Gender Equity
Creating Feminist Cities

A pedestrian walking on blue and yellow painted concrete
In Barcelona, there are efforts to increase pedestrian-friendliness. One approach consists of yellow and blue painted areas that mark car-free zones. | Photo (detail): Albert Gea © picture alliance / REUTERS

Cities have the potential to improve women’s lives. But in reality, the planning of urban spaces often prioritises men’s routines and sidelines women’s needs and habits. What does a feminist city look like?

The first time I realized that the city I loved might not love me back I was stuck on a sidewalk wondering how I was going to get my stroller up a step and onto a crowded bus. I needed to take my baby to an early doctor’s appointment. But rush hour in London was never meant to accommodate my needs as a mother. Indeed, very little about the city was.

Shortly after that struggle some 23 years ago, I became a feminist urban geographer. In other words, an expert on all the ways cities fail women. I was, of course, far from the first person to have this revelation. Feminist urbanists had been trying to address the wilful ignorance of women’s needs, lives, bodies and routines since at least the 1970s.

Feminist urban planning makes the “shocking” claim that planners should listen to women. They must also recognise differences in how men and women use city spaces and systems. This can be accomplished by increasing the representation of women in city building professions such as planning, architecture, design, civil engineering, transportation and politics, all of which have long-been male dominated fields. Women also need to be consulted as city dwellers whose needs and contributions are valued.

Cities Hold Great Promise

A feminist approach to planning means employing a gender equity analysis of every urban decision, from bus stop locations to snow plow schedules. The aim of this process is to ensure choices do not reinforce the barriers women face in terms of safety, mobility, affordability and accessibility. It is also essential to take an intersectional perspective. Gender inequality is not the only force in women’s lives. Race, class, sexuality, age, ability and more are critical factors.

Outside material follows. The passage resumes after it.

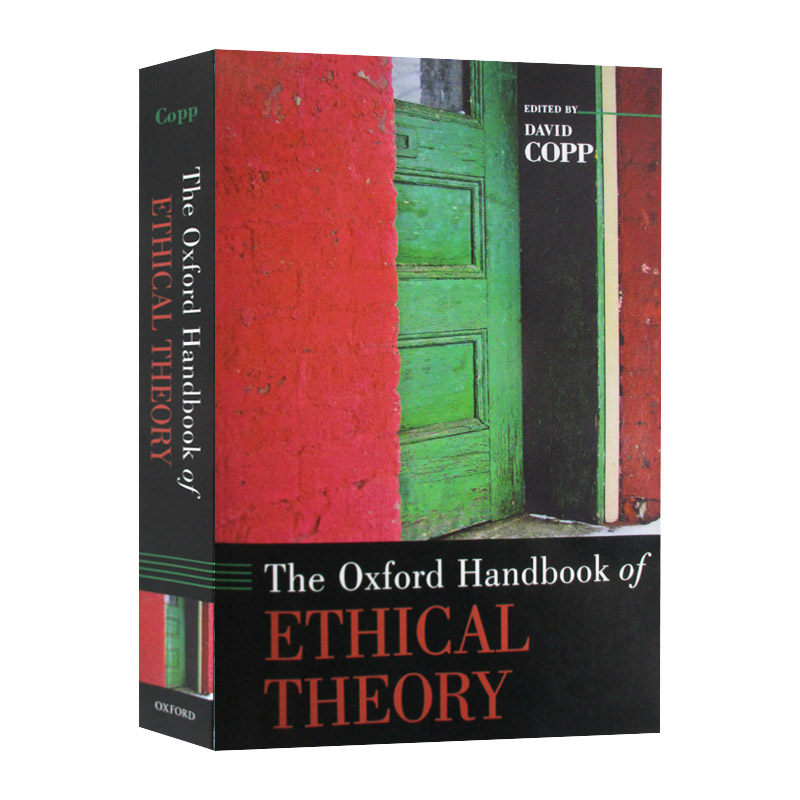 The Oxford Handbook of Ethical Theory  牛津道德理论手册进口原版英文书籍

Cities hold great promise for improving women’s lives through their combination of proximity, opportunity and choice. Too often, however, this promise is broken. Fear and danger limit women’s movements. Transportation plans favour men’s work routines and preferred modes and times of travel. Care work is little more than an afterthought in public space. High costs of living, especially housing, disproportionately affect women, who still experience a wage gap. Feminist urban planning aims to solve (or at least mitigate) these inequalities through gender-sensitive design and policy.

Feminist Planning in Reality

A feminist city, then, is one that both recognises women’s different experiences and attempts to address underlying inequalities. Care work is a good example. There are many things cities can do to make care work less burdensome. Space for strollers on public transit would help, as would clean and safe public toilets and physically accessible buildings, parks and streets. A feminist approach, however, is not interested in simply making it easier for women to continue doing an unfair share of this work. Long term, the goal is to create systems, spaces, and supports that allow care work to be shared evenly not just across genders, but across whole communities.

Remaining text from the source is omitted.